Mais ces coups de mou restent passagers, et sont compensés par de belles idées à partir du moment où Neo retourne dans la matrice pour chercher sa dulcinée, se reposant la question de son consentement à renoncer à sa vie fictionnelle. L’exploitation perverse du bullet time par l’Analyste poursuit ce regard distancié de la réalisatrice qui a compris la nécessité de dépasser sa légende pour pouvoir vivre avec elle. Tout le final jouera de cette double dynamique, qui consent au grand spectacle tout en refusant de s’y soustraire entièrement, laissant toujours la romance au premier plan. La belle étrangeté de cette rencontre dans le café saturé de forces antagonistes, ou de cette ville où la masse s’organise en bombes humaines pour maintenir le consumérisme hébété en atteste : Matrix Resurrections fait des humains les véritables résistants au changement, et les écorchés vifs du sentiment les parias devant fuir une armée de zombies pour tenter de vivre. Loin des héros iconiques des premiers volets, Neo et Trinity forment un couple fusionnel qui se fraie un chemin et se protège de la violence du monde avant une échappée par les toits : le sentimentalisme échevelé ne se départ jamais vraiment de la mise en image d’un départ qui ressemble assez nettement à une défenestration.
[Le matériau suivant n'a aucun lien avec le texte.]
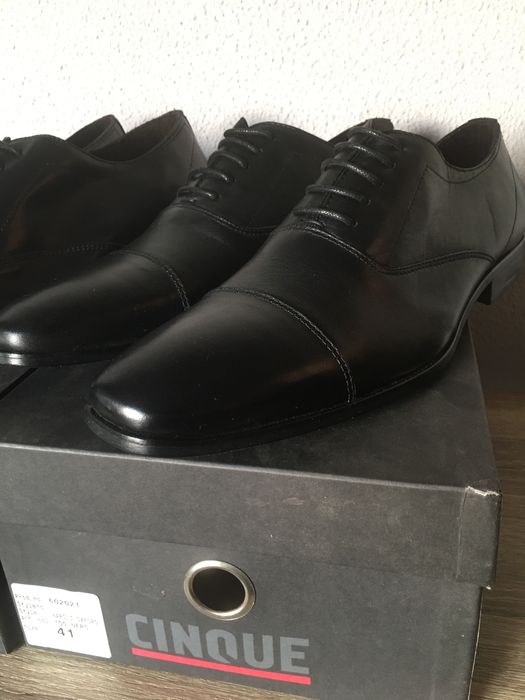 Sapato classico couro!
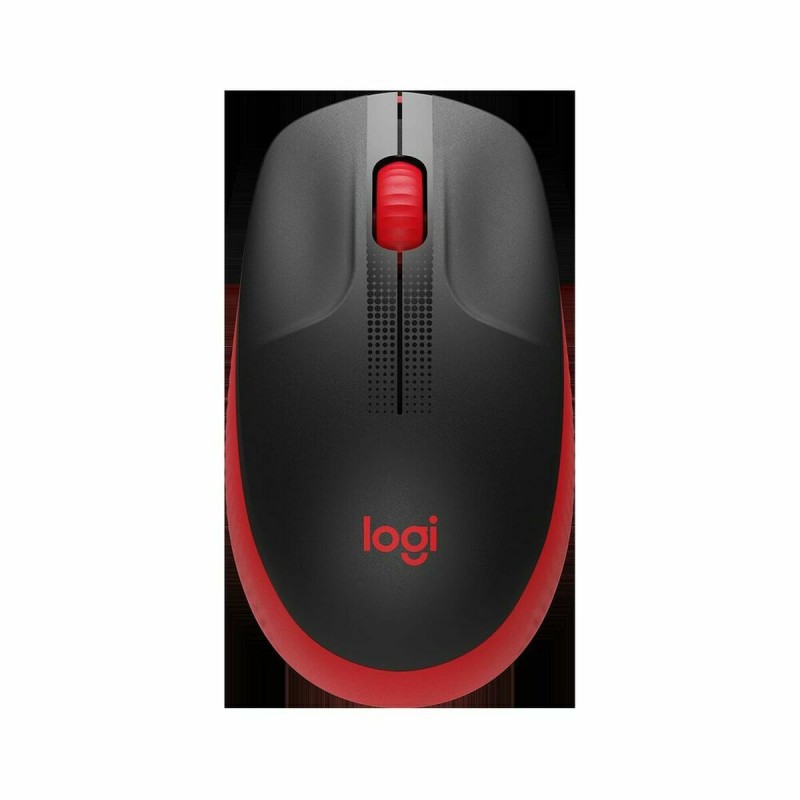 Wireless Mouse Logitech M190 Black 1000 dpi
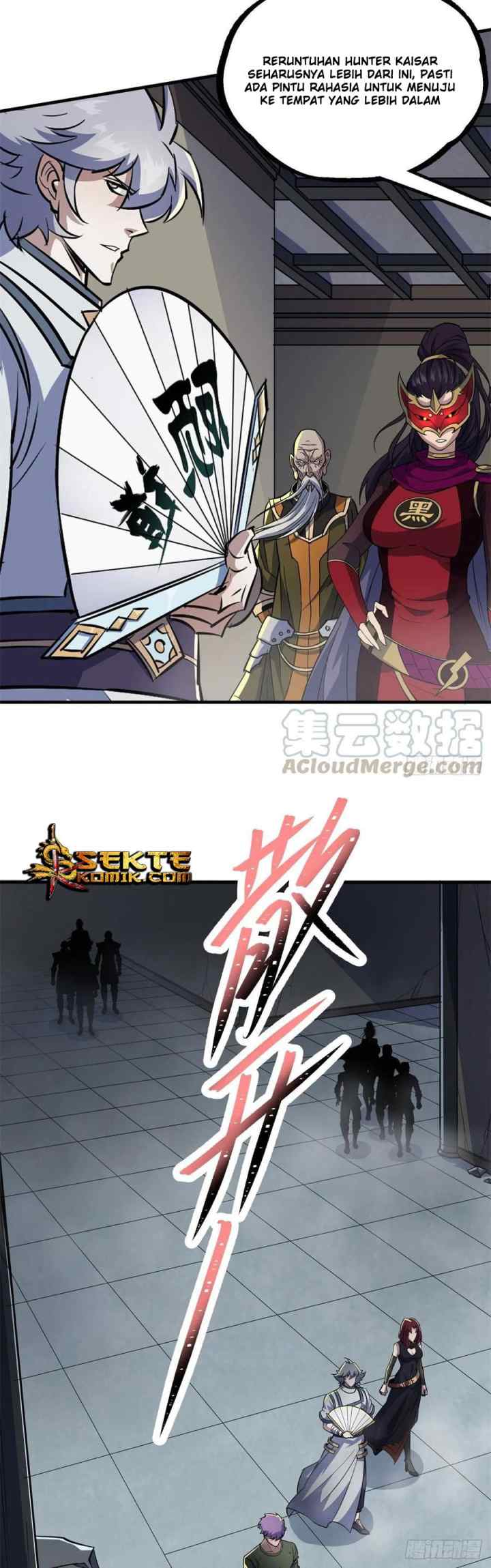 The Hunter chapter 221 halaman 15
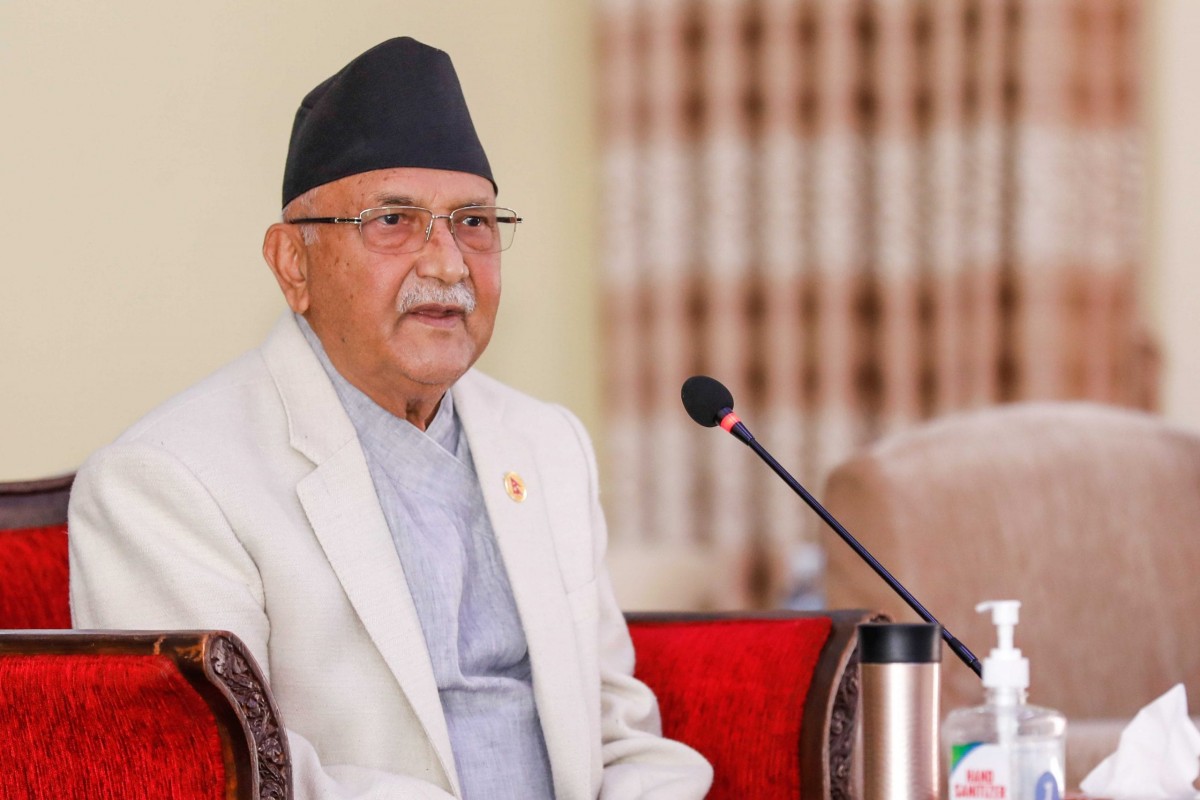 हाच्छिँयु गरेर कोरोना उडाइदिनुपर्छ भन्ने प्रधानमन्त्रीको होस बल्ल खुल्न थाल्यो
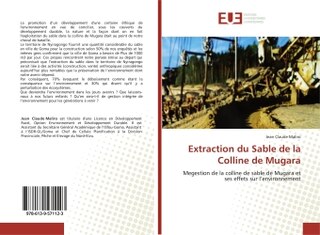 Couverture_Extraction du Sable de la Colline de Mugara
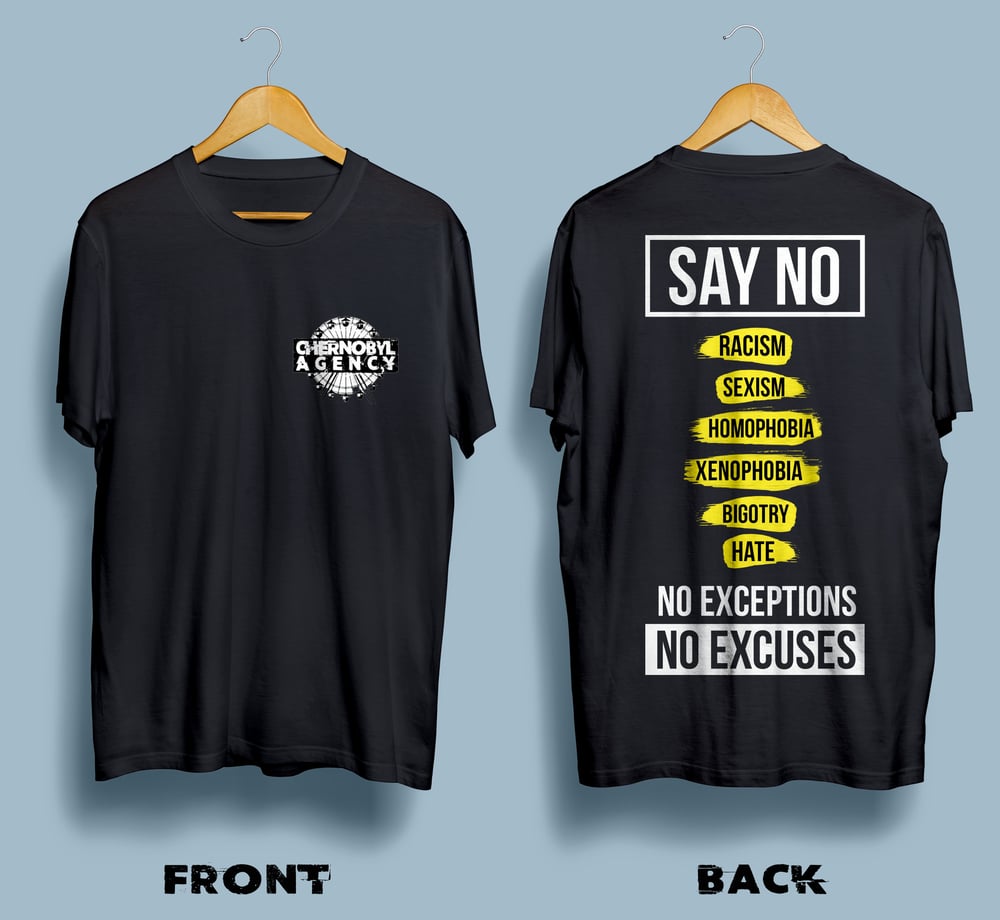 Image of "Say NO" Exclusive Shirt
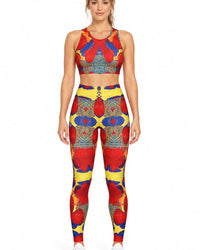 Print Active Set – Red – center detail view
C’est probablement le sort auquel se destine une telle œuvre, qui n’en devient que plus attachante : en creusant ce qu’elle avait initié de sincère, en jouant avec la nostalgie et en écorchant la légende, cette résurrection, non sans maladresses, parvient à faire ce qui n’est même plus au menu dans le blockbuster contemporain : offrir un propos.